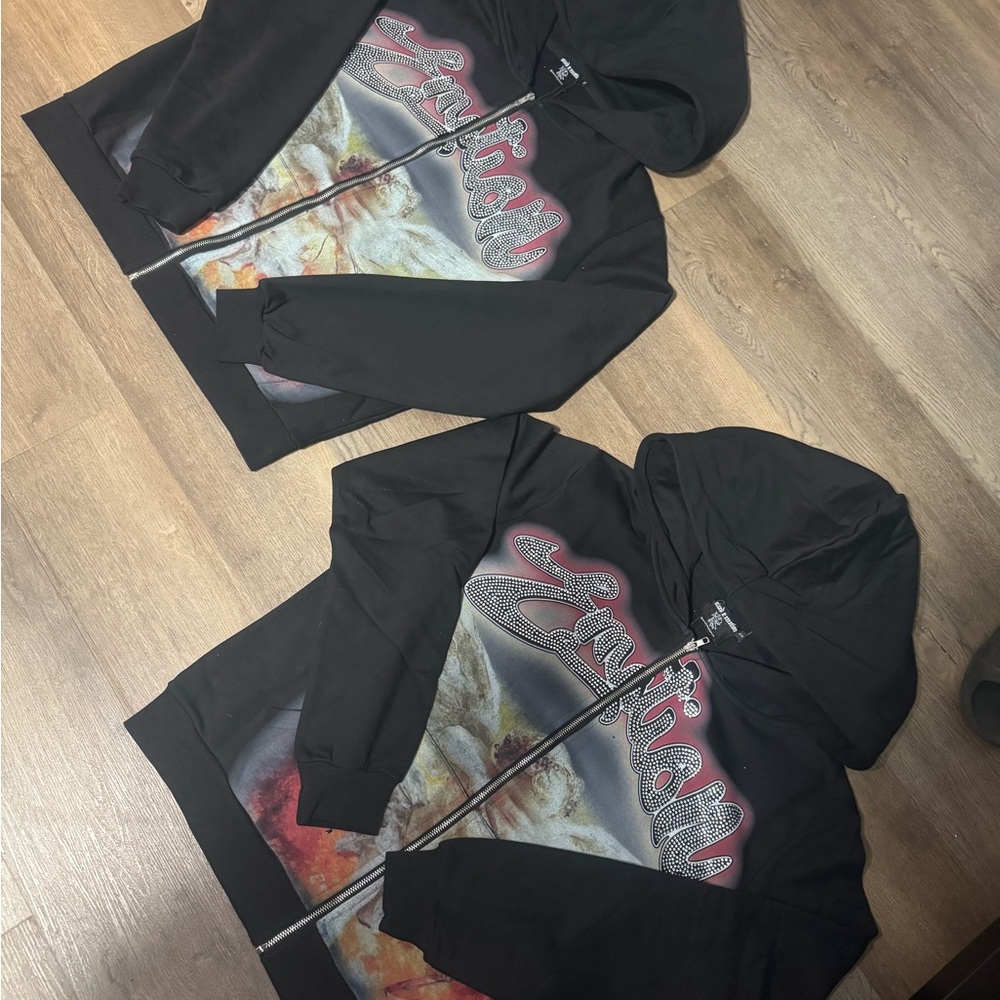 Black Zip-Up Hoodie with Graphic Design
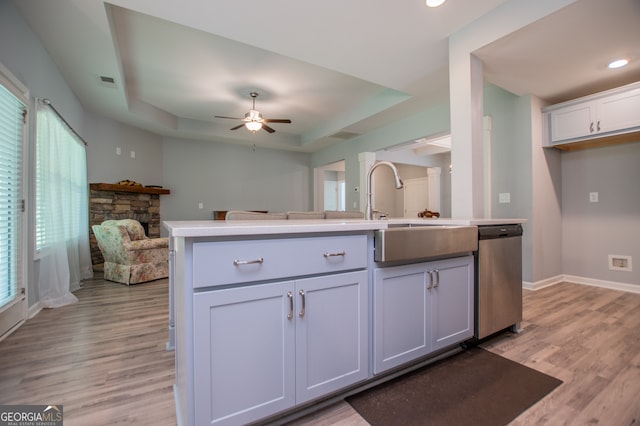 kitchen featuring ceiling fan, light wood-type flooring, a raised ceiling, dishwasher, and a wealth of natural light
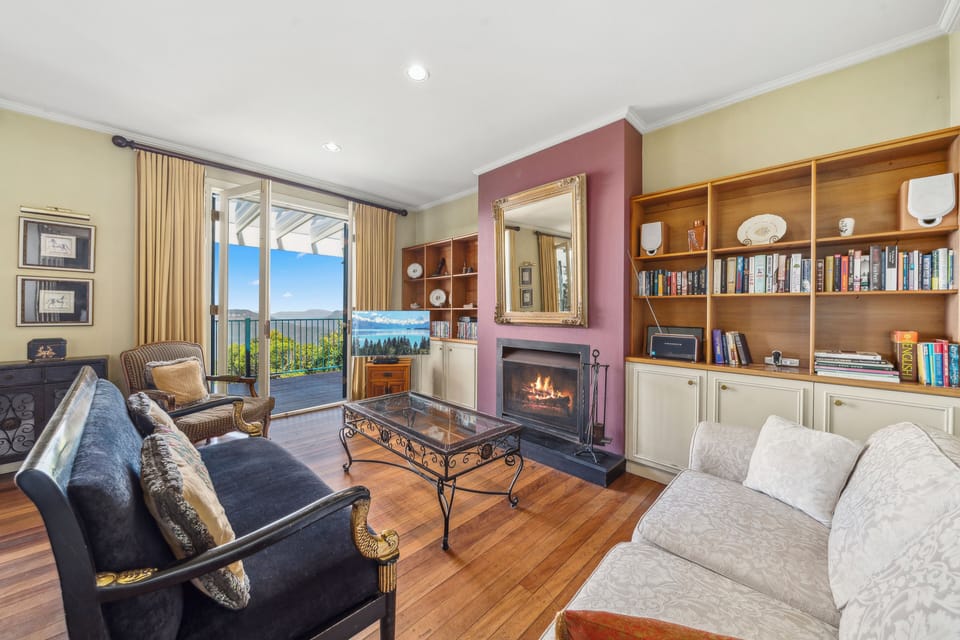 Lounge room with French doors opening to stunning views
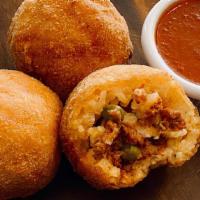 Rice Ball · Served with a side of marinara sauce.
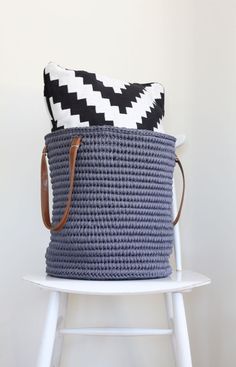 a blue and white basket sitting on top of a chair next to a black and white pillow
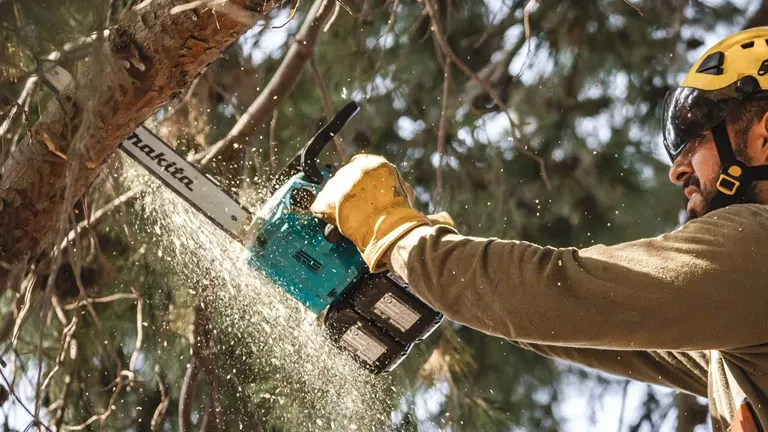 Person in yellow helmet using a chainsaw to cut a tree branch.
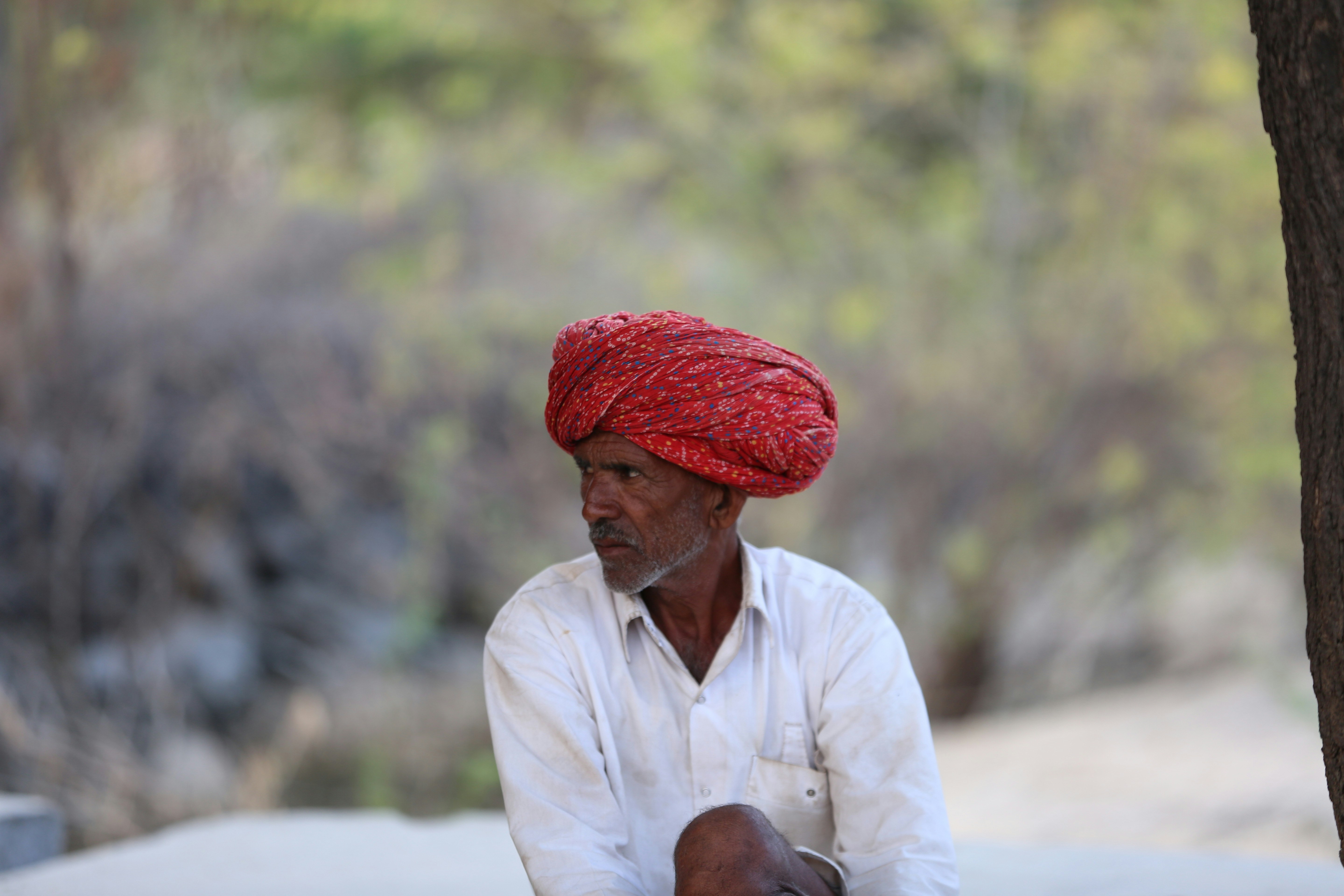 A woman receiving an Indian head massage in a spa.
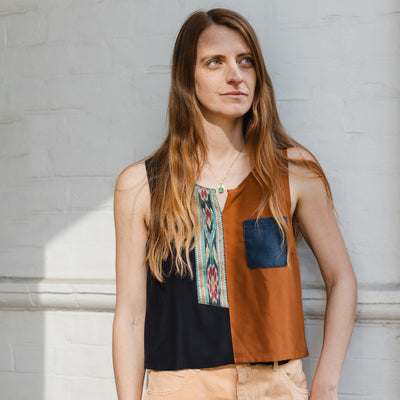 Woman wearing a sleeveless top with a colorful pattern against a gray wall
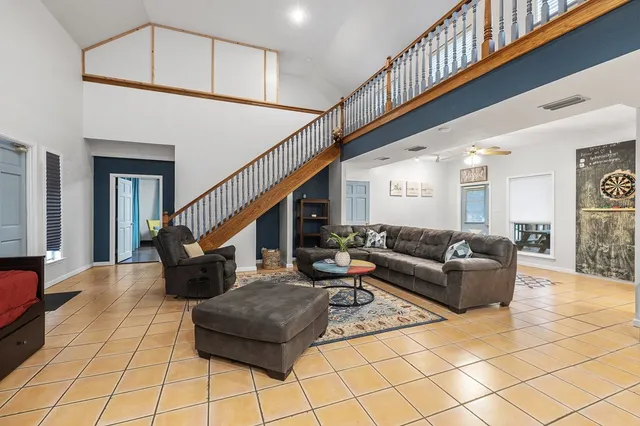 an aerial view of a house with a garden and lake view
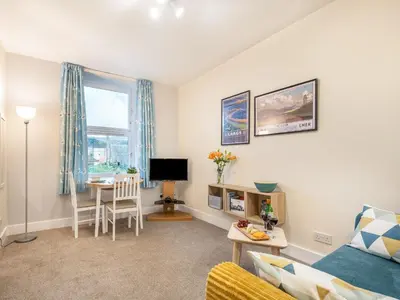 a living room with a couch and a table at Boyd Apartment in Largs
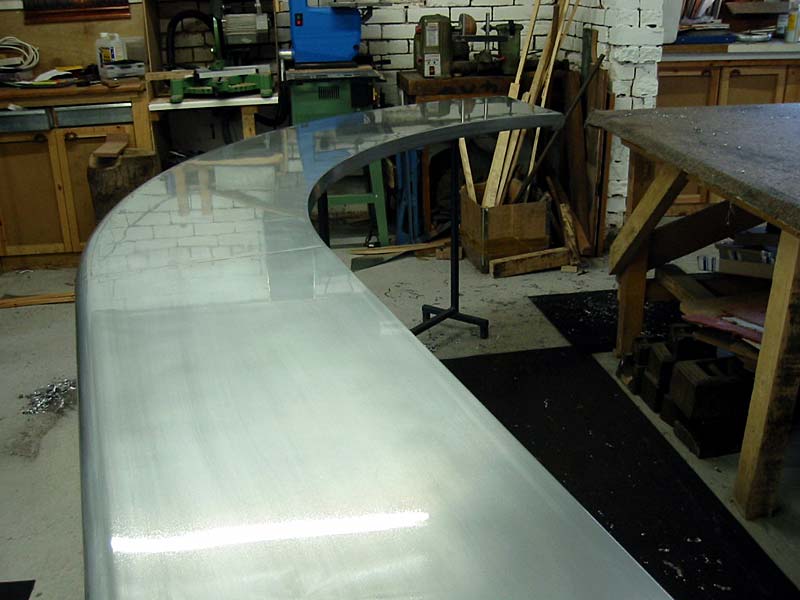 A curved stainless steel counter in a workshop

Task brief:
In the copy, only the lines from the one holding "Person in yellow" through the end of the listing above should appear, retyped exactly, both ends included, with no pictures.

Completed task:
 Person in yellow helmet using a chainsaw to cut a tree branch.
 A woman receiving an Indian head massage in a spa.
 Woman wearing a sleeveless top with a colorful pattern against a gray wall
 an aerial view of a house with a garden and lake view
 a living room with a couch and a table at Boyd Apartment in Largs
 A curved stainless steel counter in a workshop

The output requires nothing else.